Special guest contributor Brea Grant (HALLOWEEN II, BEYOND THE GATES) delves into what makes Angus Scrimm’s Tall Man character so terrifying…






In the history of horror films, it’s the bad guys who stand out. They stay with us, past leaving our seats, into our cars, and then into our dreams — or nightmares — as the case may be. One of the most memorable villains of the modern horror era is the The Tall Man, first introduced in 1979’s PHANTASM. In the struggle of creating a modern day Big Bad, I think we can look at the Tall Man for inspiration. What makes something scary? How do you differentiate this one from the last twelve we’ve seen on the silver screen? What Don Coscarelli did with the Tall Man is iconic and strikes fear into all of us at a deep level.




I examined the character of The Tall Man, looking into urban legends of the Slender Man, the urban legend which is believed to have been inspired by PHANTASM’S antagonist. His squinting eye, his aged appearance, and how little he speaks. Size alone has implications for fear; a large man’s ability to grab our childhood selves. He can overpower us, take us in his arms but not in the way adults are supposed to and take us to a place where we would never want to go. He is a walking metaphor for helplessness. The fact that he surrounds himself with people of a diminutive size only emphasizes his height and his power of over us as children, and our childhood fears can follow us into adulthood.




There is something distinctly creepy about The Tall Man’s clothing. Wearing the uniform of a mortician, an altogether dark career path, invokes images of death. The Tall Man is destined to wear his form-fitting, black mortician suit and skinny tie for eternity as he rounds up his victims. Something about no longer being a mortician but to be forced to wear his mortician clothes conjures up both a trapped feeling within the Tall Man, displayed perfectly by Scrimm, but also implies that death is coming for us. There is no escaped.






You can’t discuss The Tall Man without mentioning his superhuman abilities — telekinesis, strength, shape shifting, not to mention opening up various portals. What struck me the most when watching PHANTASM recently was how scary the metallic spheres were. They are fast. They fly through the air. And they are full of weapons. It’s a smart bomb with a tracking device controlled by a mad man. Good luck surviving, kids.

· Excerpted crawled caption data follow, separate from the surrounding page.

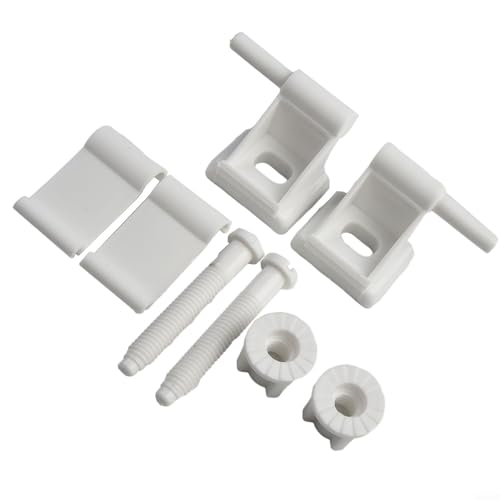 Eawfgtuw - Eawfgtuw Kit de remplacement de charnière de lunette de WC en plastique blanc durable et facile à installer avec fixations complètes pour réparation de salle de bain et structure stable (blanc)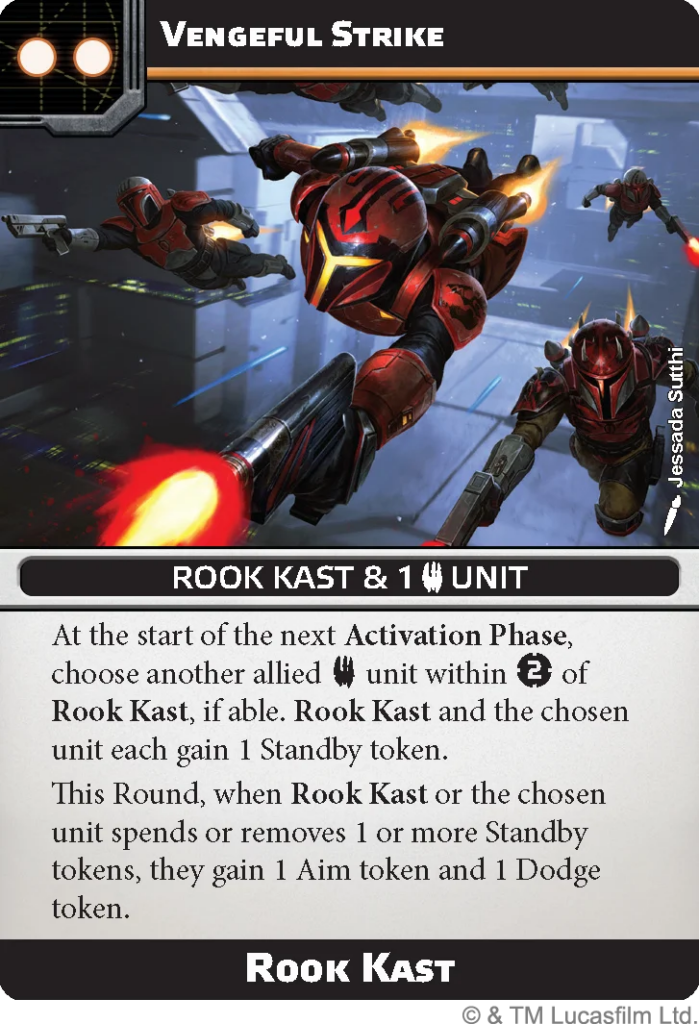 image Frontline Gaming Card image titled Vengeful Strike showing red-armored Rook Kast charging with blasters in a space battle, action scene central to gameplay.
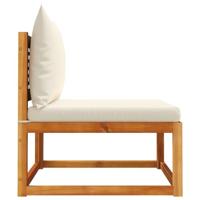 Tuinbank zonder armleuningen met kussens massief acaciahout - thumbnail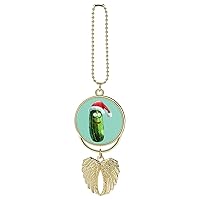 Cucumber Vegetable Vegan Christmas Hat Car Hanging Ornaments Jewelry Pendant Rear View Mirror Decorations Auto Interior Accessories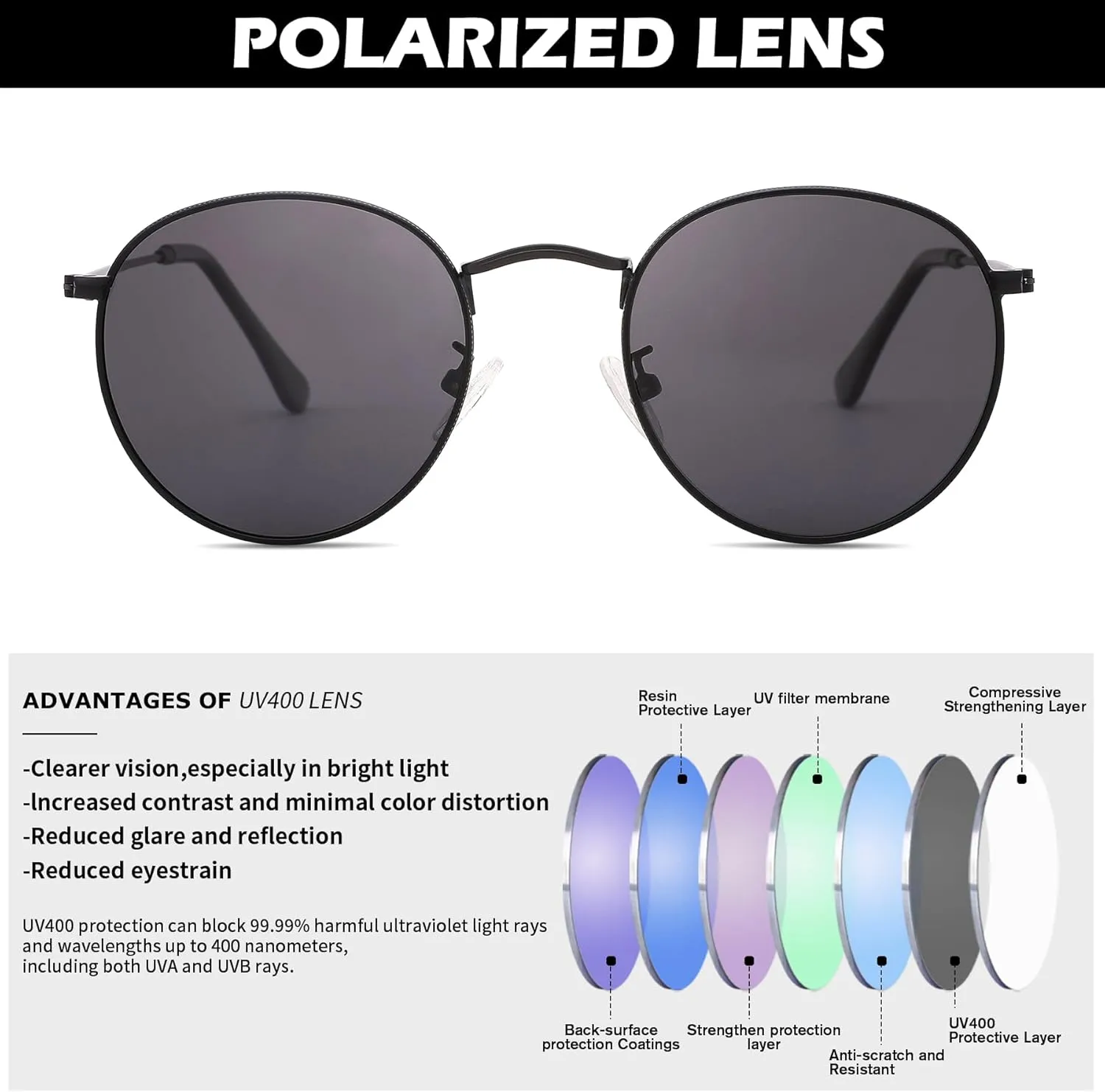 Pro Acme Small Round Metal Polarized Sunglasses for Women Retro Designer Style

While the obvious references to Jason and Freddy remain, the Tall Man carries his own hefty weight in the realm of horror villains. Coscarelli developed a frightening character whose intelligence, weaponry and general demeanor make him stand head and shoulders above the crowd. With PHANTASM, the writer/director left a legacy that fills the Internet with pages of photos, drawings and imagery of the Tall Man, not to mention the references of him within the pages of Slender Man phenomenon. He’s scary. He’s fear incarnate for many of us who relate our fears to death and helplessness. He remains iconic because the Tall Man reaches down to the depths of what we are scared of and reminds us that those fears are still with us.